> **Records drawn from a dataset**:
+ + + + +
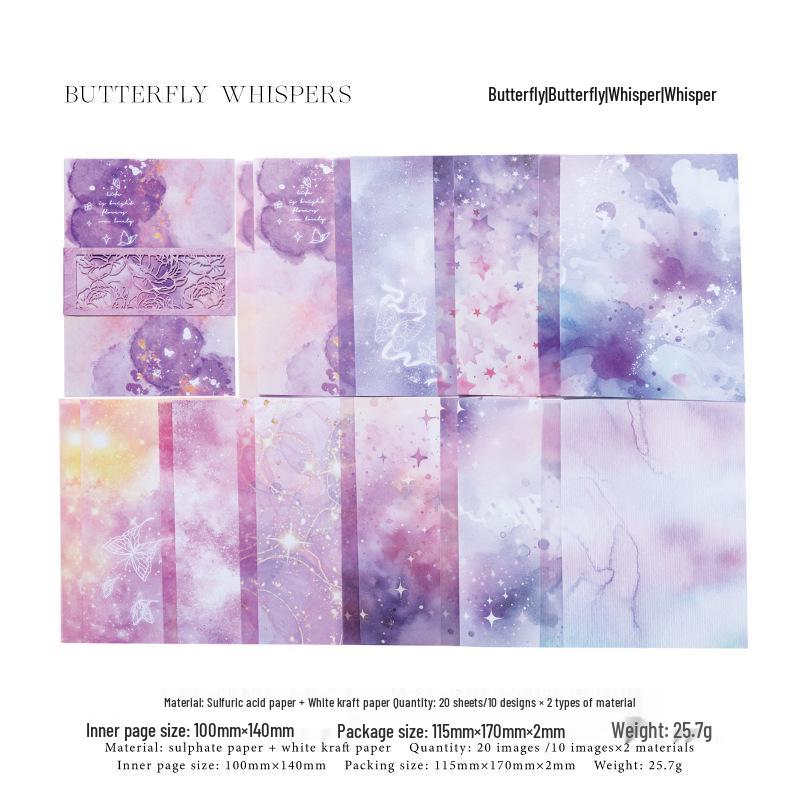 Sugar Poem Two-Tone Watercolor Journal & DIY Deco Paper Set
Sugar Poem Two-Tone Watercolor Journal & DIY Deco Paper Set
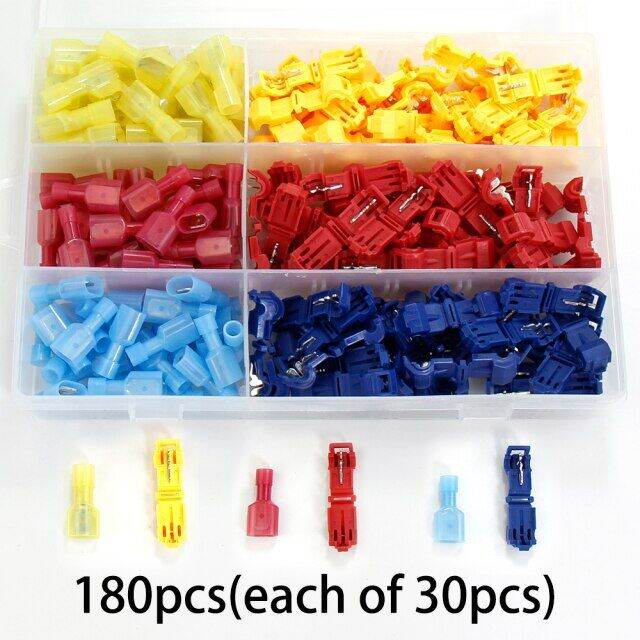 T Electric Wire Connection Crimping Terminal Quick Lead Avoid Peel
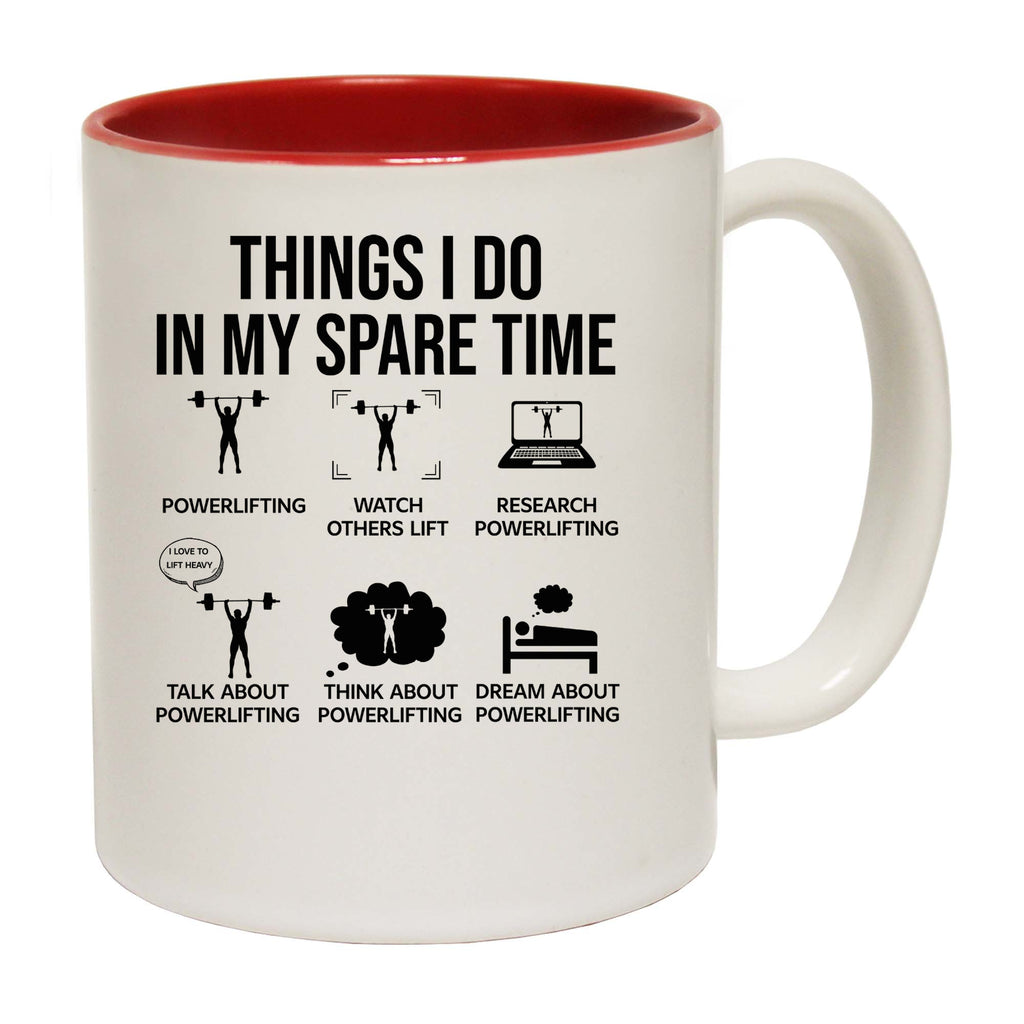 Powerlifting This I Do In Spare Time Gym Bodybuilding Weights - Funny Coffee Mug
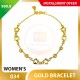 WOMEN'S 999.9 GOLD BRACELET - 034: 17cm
+ + + + +
> **Work instruction**:
Keep every word of the records exact as you write them out, but drop the pictures.

> **Task solution**:
 Sugar Poem Two-Tone Watercolor Journal & DIY Deco Paper Set
Sugar Poem Two-Tone Watercolor Journal & DIY Deco Paper Set
 T Electric Wire Connection Crimping Terminal Quick Lead Avoid Peel
 Powerlifting This I Do In Spare Time Gym Bodybuilding Weights - Funny Coffee Mug
 WOMEN'S 999.9 GOLD BRACELET - 034: 17cm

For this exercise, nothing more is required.